__WHAT YOU SHOULD DO__: All records below must be written out exactly, with the pictures excluded.

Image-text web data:

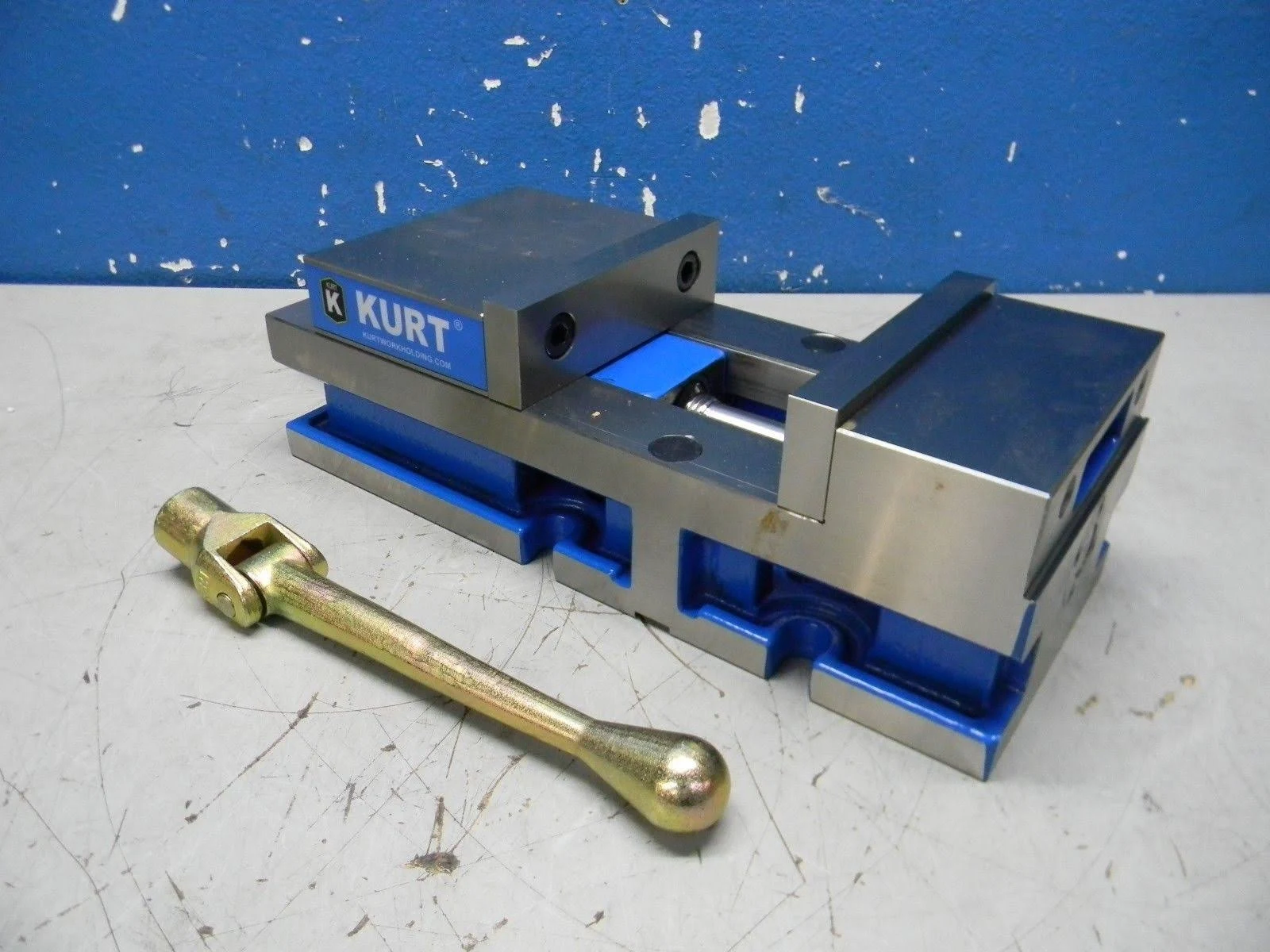 Kurt 6x22 VersatileLock Vise 3600V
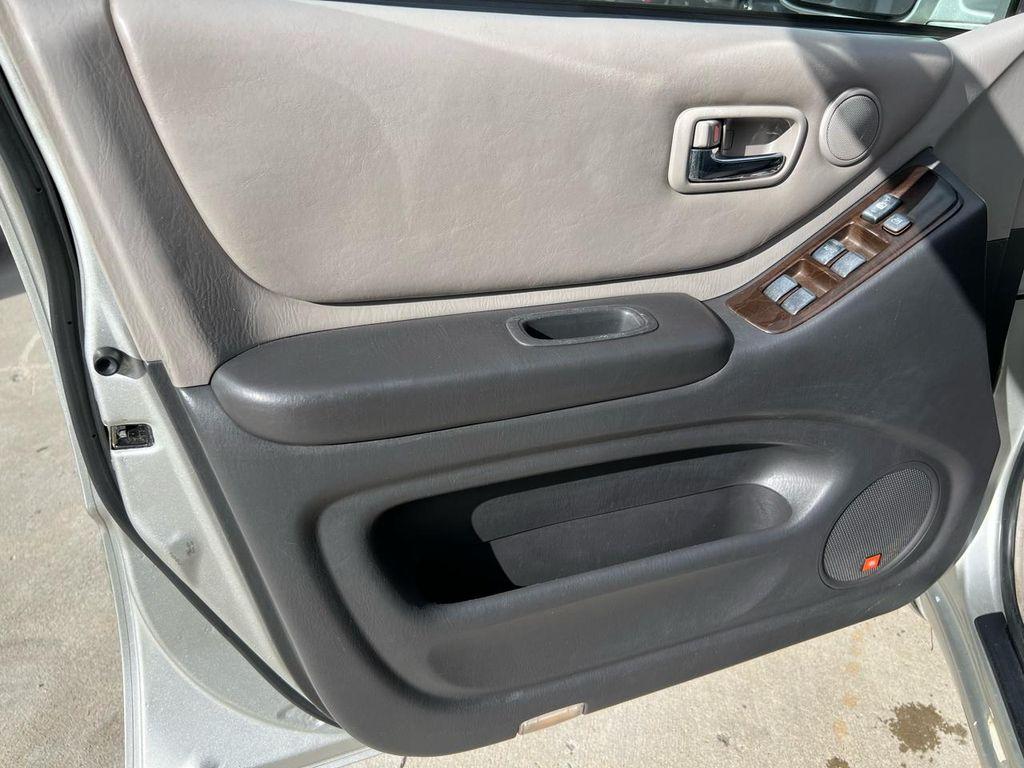 used 2001 Toyota Highlander car, priced at $3,900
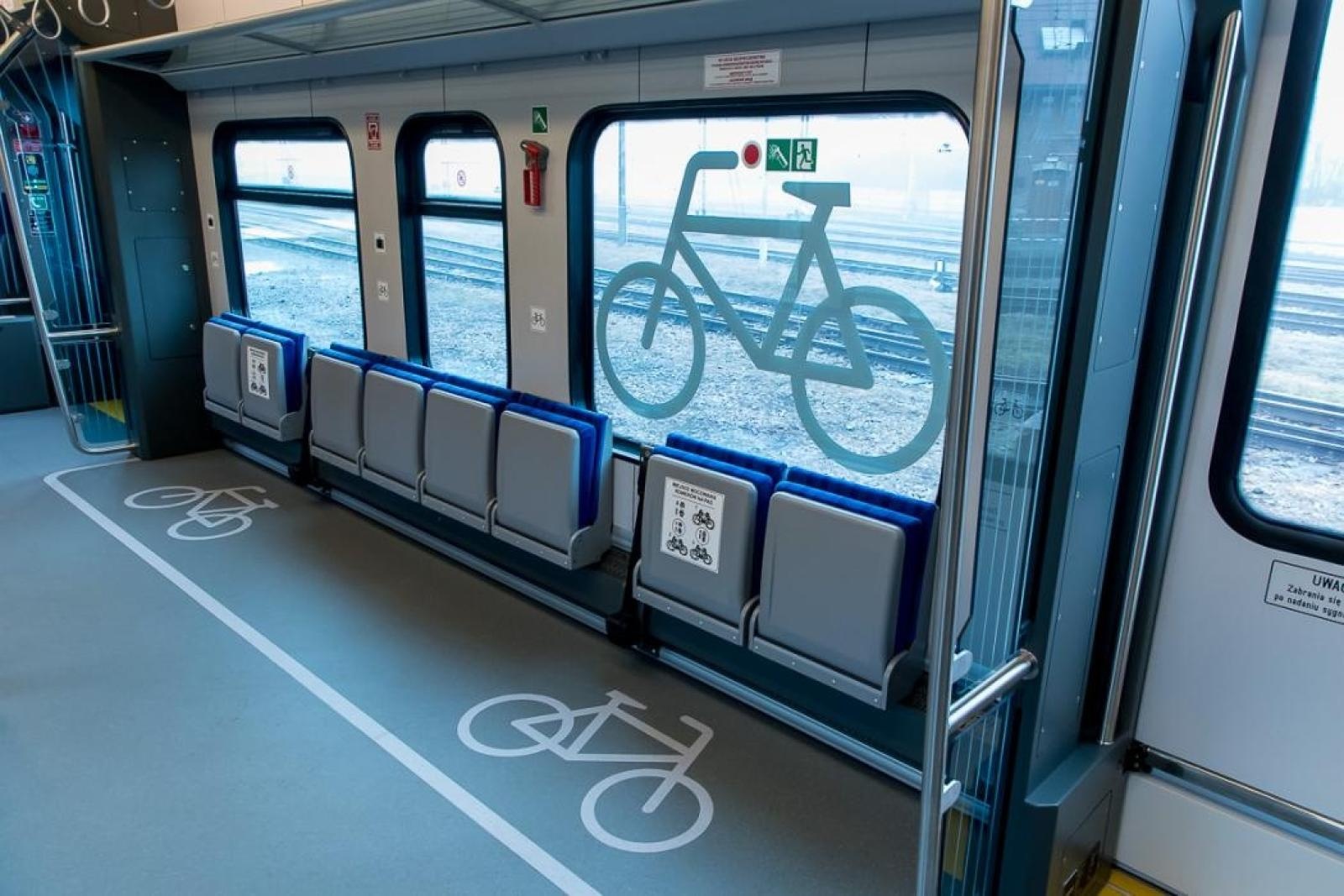 Zdjęcie w galerii na portalu naszwodzislaw.com: Na torach w regionie pojawiły się Impulsy 2 wiadomości z regionu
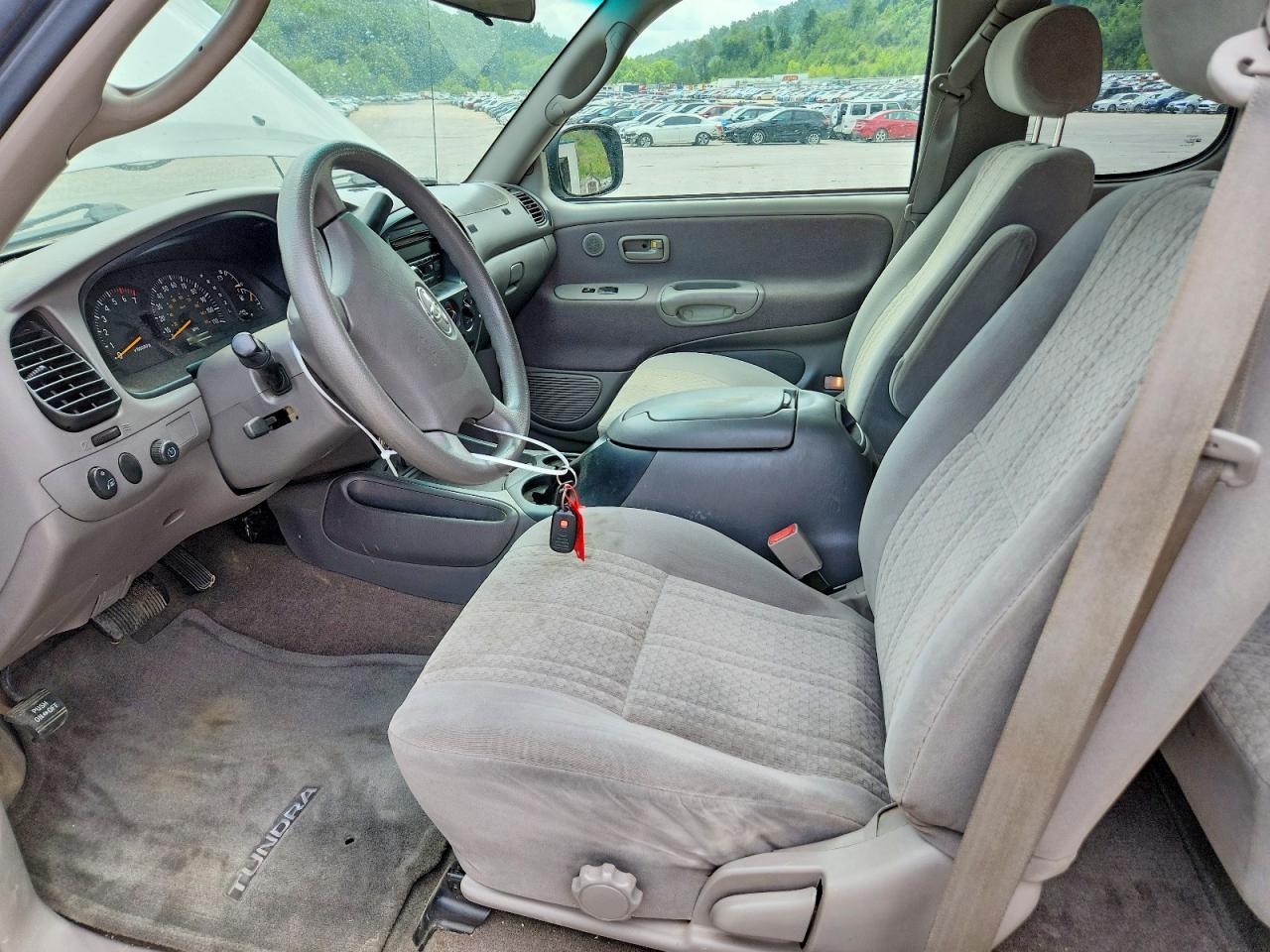 2003 TOYOTA TUNDRA
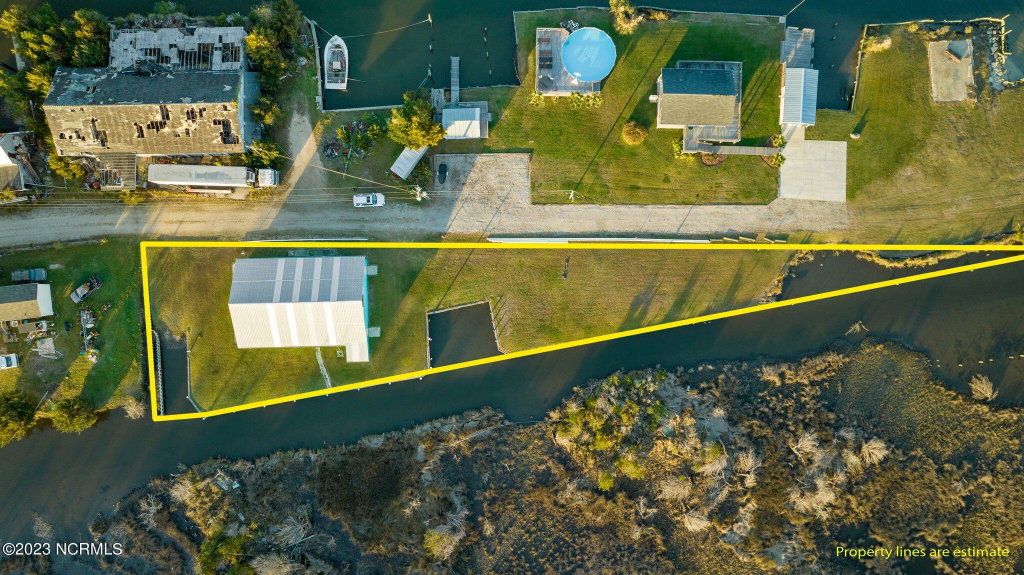 174 S Harbor Dr, Davis, NC 28524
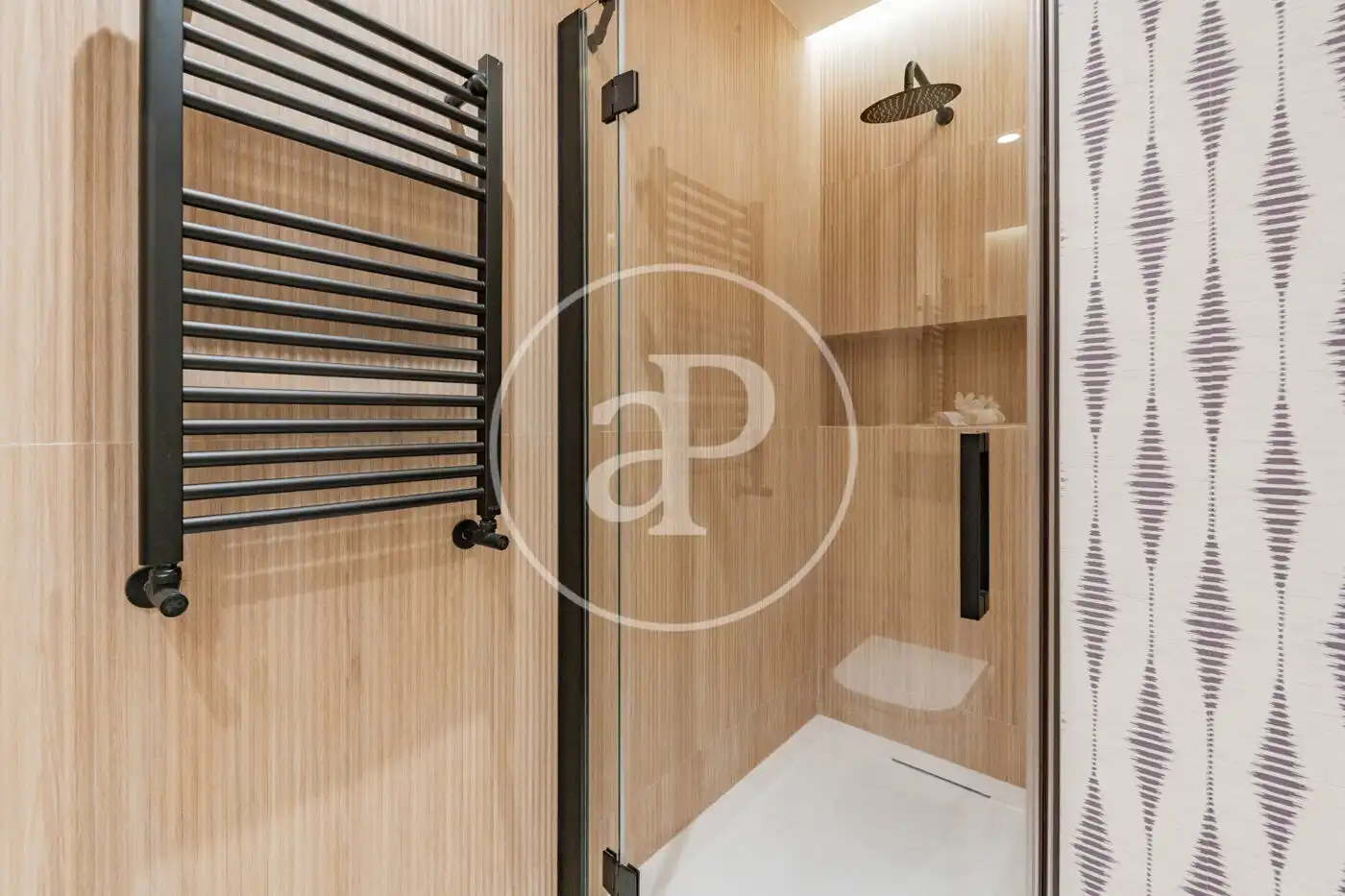 Baño de Piso en venta en Madrid con Aire acondicionado, Calefacción y Terraza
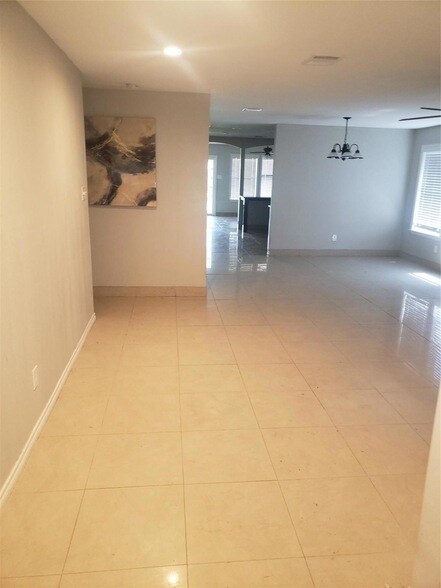 Foto del edificio - 8105 Canoe Ridge Ln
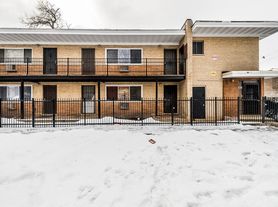 8901 S Cottage Grove Ave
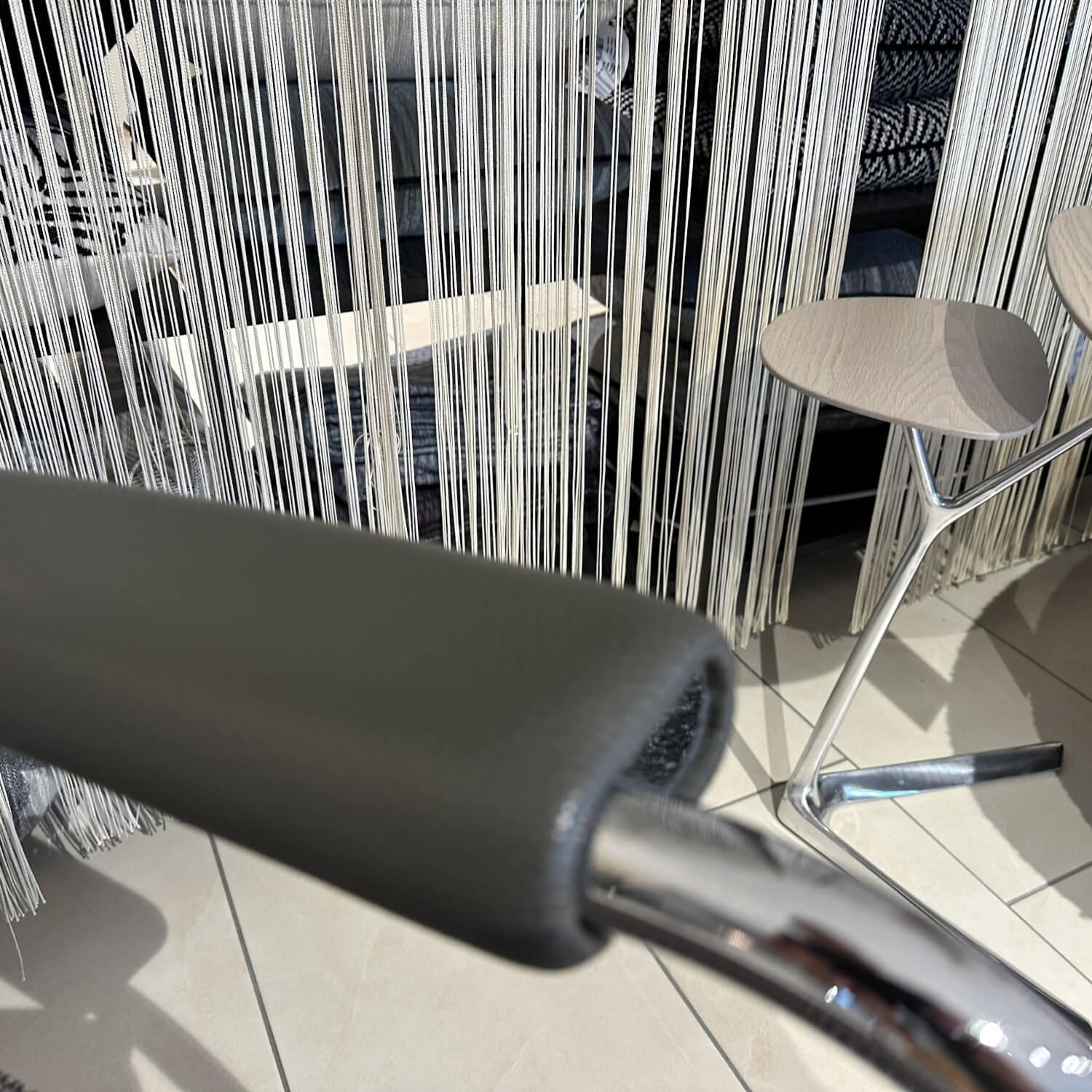 Leolux - Sessel Scylla Niedrig Stoff 7 Tiempo 1884 Rugiada Grau  Gestell Stahl Verchromt - 4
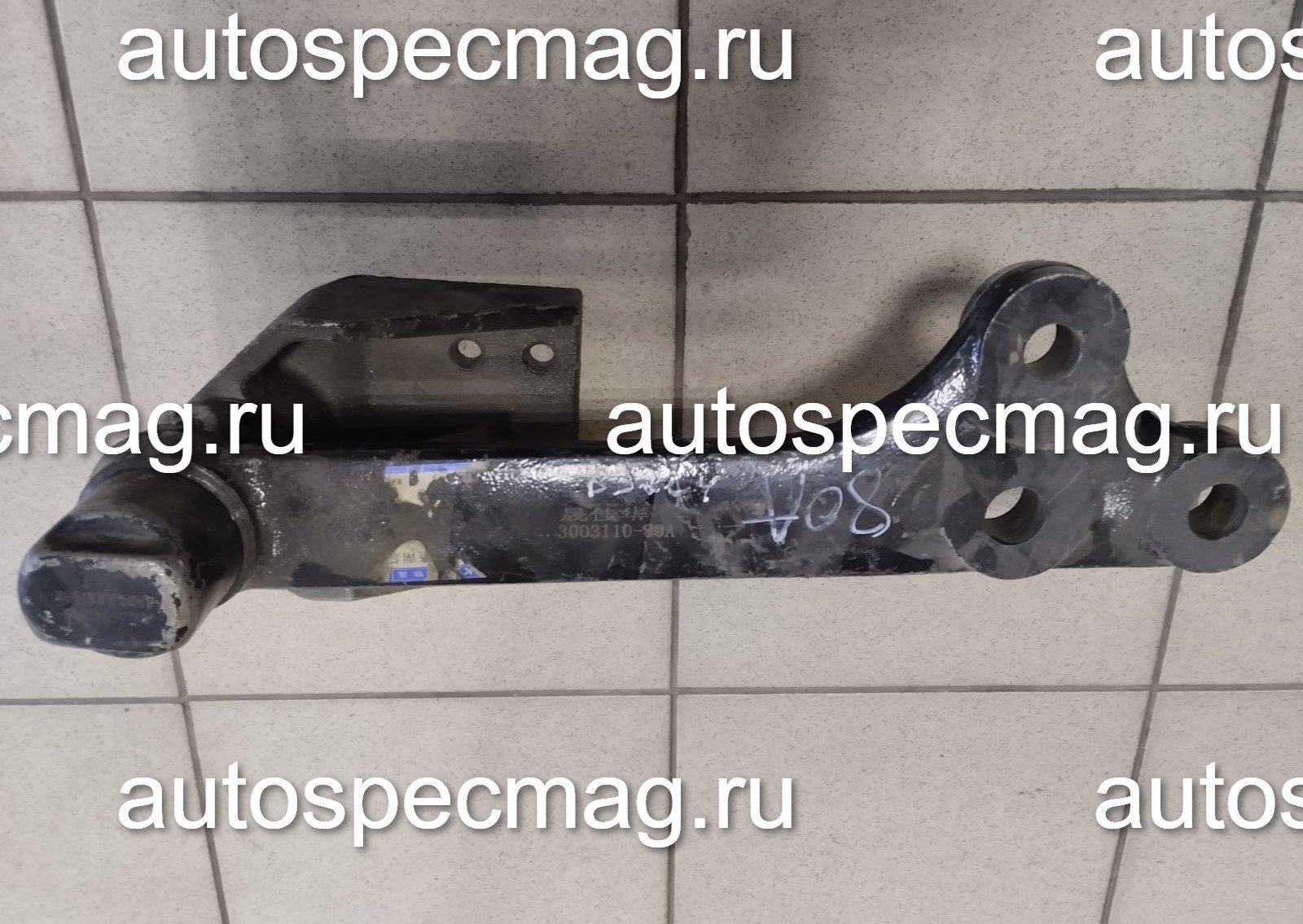 Сошка рулевая с кронштейном в сборе J6 8x4 (3312, 3310)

__WRITTEN RESPONSE__:
 Kurt 6x22 VersatileLock Vise 3600V
 used 2001 Toyota Highlander car, priced at $3,900
 Zdjęcie w galerii na portalu naszwodzislaw.com: Na torach w regionie pojawiły się Impulsy 2 wiadomości z regionu
 2003 TOYOTA TUNDRA
 174 S Harbor Dr, Davis, NC 28524
 Baño de Piso en venta en Madrid con Aire acondicionado, Calefacción y Terraza
 Foto del edificio - 8105 Canoe Ridge Ln
 8901 S Cottage Grove Ave
 Leolux - Sessel Scylla Niedrig Stoff 7 Tiempo 1884 Rugiada Grau  Gestell Stahl Verchromt - 4
 Сошка рулевая с кронштейном в сборе J6 8x4 (3312, 3310)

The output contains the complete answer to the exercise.